There were so many body styles available for each iteration of Olds in '71 that it's a wonder they didn't saturate their own market. You could get a Vista Cruiser station wagon with skylights in the roof, a convertible, 2 door coupes in hardtop and pillar versions, and 4 doors with and without pillars as well. In addition to that the base model was still known as the F-85, with the Cutlass above that, Cutlass Supreme higher still, and the mighty 442 at the top. Break it down even further and you could choose between the Sport, Holiday, or Town version of most of the above. Whew!
This is what I believe to be the lowest production number (with the exception of 442 convertibles and the '70-only Rallye 350 special editions) body style available; the 4 door hardtop Holiday. The 4 door Town Sedan had pillars between the front and rear door glass, ruining your holiday.
The opening when all the windows are down is colossal! There is a reason 4 door hardtops were referred to as hardtop convertibles. This body style was doomed later in the '70s when rollover safety regulations went into effect.
That CS emblem on the vinyl roof denoted a Cutlass Supreme. This was the highest trim level which got you all the little chrome doodads and niceties. All 442s were essentially Cutlass Supremes with the 442 option package. While 442s were only available in 2 door coupes and convertibles in '71 there were ten 4 door versions built in 1964 when it was an option available for anything but the wagon.

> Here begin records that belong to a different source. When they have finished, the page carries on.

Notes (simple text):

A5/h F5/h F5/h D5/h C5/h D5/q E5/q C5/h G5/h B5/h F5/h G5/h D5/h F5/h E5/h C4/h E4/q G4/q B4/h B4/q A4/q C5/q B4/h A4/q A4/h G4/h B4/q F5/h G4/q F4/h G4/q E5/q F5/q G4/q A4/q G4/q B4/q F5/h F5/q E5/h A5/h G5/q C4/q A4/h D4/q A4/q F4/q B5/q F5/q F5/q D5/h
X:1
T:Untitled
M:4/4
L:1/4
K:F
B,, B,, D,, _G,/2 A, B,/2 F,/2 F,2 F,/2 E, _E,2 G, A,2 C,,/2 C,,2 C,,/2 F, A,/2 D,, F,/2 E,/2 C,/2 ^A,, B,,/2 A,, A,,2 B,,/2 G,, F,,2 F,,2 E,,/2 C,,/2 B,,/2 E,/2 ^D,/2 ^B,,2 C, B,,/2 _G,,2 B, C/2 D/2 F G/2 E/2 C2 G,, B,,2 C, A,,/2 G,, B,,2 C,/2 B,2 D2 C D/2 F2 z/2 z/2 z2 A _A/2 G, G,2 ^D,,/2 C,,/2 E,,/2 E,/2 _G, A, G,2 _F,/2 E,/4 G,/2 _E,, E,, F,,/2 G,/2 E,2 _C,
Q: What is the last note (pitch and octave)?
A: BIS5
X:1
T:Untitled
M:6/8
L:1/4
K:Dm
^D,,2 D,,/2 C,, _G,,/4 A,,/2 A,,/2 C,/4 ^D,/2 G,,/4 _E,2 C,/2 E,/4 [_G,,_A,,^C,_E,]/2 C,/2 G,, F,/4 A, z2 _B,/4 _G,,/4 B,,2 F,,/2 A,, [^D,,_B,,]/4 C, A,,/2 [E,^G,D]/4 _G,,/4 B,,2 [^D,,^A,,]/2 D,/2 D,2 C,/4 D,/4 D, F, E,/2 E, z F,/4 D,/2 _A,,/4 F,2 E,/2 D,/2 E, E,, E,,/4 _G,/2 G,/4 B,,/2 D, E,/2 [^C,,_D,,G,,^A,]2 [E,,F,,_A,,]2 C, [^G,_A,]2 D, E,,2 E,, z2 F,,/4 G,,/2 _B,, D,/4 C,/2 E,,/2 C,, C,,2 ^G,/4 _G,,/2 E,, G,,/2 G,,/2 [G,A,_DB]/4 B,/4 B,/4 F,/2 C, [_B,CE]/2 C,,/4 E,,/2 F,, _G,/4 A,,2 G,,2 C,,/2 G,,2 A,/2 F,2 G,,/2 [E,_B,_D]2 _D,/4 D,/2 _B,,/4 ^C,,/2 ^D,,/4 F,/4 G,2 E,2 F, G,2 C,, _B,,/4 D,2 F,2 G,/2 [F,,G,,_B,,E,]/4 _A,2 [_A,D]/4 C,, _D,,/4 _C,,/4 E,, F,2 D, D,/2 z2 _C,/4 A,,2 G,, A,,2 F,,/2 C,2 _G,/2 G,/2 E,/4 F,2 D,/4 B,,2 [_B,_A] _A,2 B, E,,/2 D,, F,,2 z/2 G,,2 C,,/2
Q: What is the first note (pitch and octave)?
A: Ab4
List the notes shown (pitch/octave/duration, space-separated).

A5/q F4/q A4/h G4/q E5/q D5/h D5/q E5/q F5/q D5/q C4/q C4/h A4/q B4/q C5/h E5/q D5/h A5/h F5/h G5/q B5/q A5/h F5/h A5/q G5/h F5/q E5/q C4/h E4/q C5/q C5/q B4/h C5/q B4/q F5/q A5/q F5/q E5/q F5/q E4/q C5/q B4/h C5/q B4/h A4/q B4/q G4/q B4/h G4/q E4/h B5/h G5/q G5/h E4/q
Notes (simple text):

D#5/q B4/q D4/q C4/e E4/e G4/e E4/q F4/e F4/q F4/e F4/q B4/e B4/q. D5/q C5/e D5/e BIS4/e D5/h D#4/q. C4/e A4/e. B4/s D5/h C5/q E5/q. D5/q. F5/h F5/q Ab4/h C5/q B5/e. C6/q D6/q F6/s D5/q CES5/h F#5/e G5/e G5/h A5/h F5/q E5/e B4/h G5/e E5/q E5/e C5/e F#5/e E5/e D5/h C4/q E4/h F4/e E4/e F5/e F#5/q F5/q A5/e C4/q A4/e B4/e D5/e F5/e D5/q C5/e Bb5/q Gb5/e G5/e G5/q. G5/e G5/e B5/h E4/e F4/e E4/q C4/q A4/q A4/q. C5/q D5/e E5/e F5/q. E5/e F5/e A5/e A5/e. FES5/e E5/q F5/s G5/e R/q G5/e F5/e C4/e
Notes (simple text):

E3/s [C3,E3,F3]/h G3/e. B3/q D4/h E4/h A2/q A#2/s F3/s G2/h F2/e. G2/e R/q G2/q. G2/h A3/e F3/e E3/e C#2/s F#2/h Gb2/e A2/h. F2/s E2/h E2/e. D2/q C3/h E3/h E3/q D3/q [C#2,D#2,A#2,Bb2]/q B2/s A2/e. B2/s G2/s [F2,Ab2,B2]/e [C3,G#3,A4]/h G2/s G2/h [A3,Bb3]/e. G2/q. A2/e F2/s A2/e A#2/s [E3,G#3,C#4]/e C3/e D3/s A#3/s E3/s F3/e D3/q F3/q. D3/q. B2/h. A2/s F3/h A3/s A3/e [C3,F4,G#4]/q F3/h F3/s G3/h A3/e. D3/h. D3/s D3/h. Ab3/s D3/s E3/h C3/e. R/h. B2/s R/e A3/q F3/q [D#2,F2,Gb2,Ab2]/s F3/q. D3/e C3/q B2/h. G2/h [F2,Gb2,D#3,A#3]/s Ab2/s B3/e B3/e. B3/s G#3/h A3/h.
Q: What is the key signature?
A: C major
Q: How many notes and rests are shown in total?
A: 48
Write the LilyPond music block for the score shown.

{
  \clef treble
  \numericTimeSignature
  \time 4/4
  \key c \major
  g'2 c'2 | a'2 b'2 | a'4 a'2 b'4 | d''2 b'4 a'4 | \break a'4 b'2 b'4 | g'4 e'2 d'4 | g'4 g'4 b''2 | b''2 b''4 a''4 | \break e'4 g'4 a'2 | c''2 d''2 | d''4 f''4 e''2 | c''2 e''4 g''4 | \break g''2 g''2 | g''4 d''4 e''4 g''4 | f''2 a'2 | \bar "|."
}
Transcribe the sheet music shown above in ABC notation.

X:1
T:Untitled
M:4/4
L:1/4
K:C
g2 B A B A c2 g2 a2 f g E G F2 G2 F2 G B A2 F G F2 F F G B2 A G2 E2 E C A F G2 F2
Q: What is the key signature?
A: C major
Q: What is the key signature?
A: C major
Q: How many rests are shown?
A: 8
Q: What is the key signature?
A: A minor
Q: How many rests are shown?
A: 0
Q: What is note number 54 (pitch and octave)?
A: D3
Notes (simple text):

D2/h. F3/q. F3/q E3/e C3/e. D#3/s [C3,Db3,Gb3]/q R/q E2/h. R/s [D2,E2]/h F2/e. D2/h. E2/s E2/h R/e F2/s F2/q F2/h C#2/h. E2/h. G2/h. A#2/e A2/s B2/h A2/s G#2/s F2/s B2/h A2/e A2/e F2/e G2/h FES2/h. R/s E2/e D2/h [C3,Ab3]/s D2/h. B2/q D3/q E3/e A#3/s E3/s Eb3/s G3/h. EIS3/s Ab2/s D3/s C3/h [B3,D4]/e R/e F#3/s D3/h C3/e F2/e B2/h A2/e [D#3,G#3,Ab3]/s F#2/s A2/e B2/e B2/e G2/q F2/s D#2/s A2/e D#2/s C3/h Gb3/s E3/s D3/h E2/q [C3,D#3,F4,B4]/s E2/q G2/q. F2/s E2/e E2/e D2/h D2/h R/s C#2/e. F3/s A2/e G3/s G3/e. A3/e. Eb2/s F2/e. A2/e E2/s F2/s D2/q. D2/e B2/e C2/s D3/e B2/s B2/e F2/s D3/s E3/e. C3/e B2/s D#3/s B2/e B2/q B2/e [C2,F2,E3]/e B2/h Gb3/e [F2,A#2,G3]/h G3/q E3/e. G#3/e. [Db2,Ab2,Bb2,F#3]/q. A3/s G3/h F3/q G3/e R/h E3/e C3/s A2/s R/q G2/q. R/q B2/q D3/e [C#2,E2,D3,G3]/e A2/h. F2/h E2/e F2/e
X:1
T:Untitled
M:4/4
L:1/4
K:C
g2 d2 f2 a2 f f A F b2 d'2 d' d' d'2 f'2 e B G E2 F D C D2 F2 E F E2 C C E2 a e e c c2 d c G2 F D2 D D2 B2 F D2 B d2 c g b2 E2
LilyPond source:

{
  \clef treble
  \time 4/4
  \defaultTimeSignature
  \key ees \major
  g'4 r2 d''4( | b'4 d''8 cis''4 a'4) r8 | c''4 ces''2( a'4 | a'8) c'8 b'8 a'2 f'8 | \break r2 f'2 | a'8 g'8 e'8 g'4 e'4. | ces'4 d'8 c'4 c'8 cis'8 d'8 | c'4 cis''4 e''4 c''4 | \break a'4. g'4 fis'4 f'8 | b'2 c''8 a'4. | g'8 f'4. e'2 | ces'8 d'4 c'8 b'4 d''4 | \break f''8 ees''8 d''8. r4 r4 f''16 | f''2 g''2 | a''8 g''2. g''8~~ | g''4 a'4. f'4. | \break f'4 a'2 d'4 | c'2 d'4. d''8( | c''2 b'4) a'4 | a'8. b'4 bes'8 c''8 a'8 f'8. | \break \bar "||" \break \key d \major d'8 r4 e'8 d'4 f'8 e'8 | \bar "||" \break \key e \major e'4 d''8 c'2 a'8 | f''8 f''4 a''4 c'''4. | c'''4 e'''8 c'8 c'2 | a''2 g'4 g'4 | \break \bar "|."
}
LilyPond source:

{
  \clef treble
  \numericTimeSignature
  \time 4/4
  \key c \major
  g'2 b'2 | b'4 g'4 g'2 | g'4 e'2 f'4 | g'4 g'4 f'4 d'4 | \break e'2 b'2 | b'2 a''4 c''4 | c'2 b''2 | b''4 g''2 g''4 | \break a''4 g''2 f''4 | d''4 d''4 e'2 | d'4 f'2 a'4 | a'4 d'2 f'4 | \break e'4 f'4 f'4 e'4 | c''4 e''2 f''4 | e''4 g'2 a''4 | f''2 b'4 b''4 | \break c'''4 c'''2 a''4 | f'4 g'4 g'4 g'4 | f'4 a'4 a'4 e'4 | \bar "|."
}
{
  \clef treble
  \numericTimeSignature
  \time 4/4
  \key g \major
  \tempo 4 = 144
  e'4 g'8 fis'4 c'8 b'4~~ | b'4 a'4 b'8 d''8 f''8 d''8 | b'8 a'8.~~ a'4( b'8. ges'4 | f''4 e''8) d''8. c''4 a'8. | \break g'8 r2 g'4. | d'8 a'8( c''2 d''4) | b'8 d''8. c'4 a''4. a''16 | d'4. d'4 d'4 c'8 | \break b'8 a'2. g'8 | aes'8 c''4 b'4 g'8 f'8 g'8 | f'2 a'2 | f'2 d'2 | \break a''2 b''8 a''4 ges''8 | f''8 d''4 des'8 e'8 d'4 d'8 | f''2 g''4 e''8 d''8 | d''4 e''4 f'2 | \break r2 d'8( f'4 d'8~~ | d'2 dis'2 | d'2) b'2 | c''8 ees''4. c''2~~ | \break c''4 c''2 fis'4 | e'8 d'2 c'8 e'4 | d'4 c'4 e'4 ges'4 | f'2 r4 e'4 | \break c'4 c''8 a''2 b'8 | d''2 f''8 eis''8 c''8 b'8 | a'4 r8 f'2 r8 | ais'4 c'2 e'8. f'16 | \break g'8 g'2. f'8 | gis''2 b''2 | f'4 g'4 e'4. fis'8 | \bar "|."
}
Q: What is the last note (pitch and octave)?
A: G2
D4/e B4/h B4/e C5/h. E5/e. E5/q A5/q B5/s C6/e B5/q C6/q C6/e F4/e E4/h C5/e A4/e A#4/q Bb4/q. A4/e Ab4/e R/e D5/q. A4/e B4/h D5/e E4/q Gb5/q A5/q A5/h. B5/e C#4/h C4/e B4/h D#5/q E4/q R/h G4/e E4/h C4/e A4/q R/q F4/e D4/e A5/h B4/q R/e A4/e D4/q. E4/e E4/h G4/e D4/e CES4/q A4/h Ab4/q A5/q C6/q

This one's getting a little munchy around the edges.
Even flaking apart this thing looks tough and ready to run. Dual exhaust is promising.
The taillights being integrated into the bumper was a signature look for Oldsmobile for many years. The taillights alone can be used to identify the year.
This looks like a dog just started chewing on it. I don't know what hail-Mary attempt that brown smudge is supposed to be but my man should just get to sanding and welding because it's long gone.
Sure this is a big car, but the proportions are pretty good due to the exaggerated Coke Bottle styling. This was the smallest offering from Olds in '70. The larger Delta 88 and full size 98 were both monumental in scale.
Getting into engine possibilities would fill up an entire page but suffice it to say that this probably has a 350 or 400 in it. If there were an SX badge on it we would know it had a 455.
Now onto the dusty cousin of Big Red:
This is a 1971 Cutlass in Palm Green Poly. Unlike the above Cutty this is not a Supreme but a standard Hardtop Coupe. It was also discovered in Oregon so no matter how filthy it is 100% rust free.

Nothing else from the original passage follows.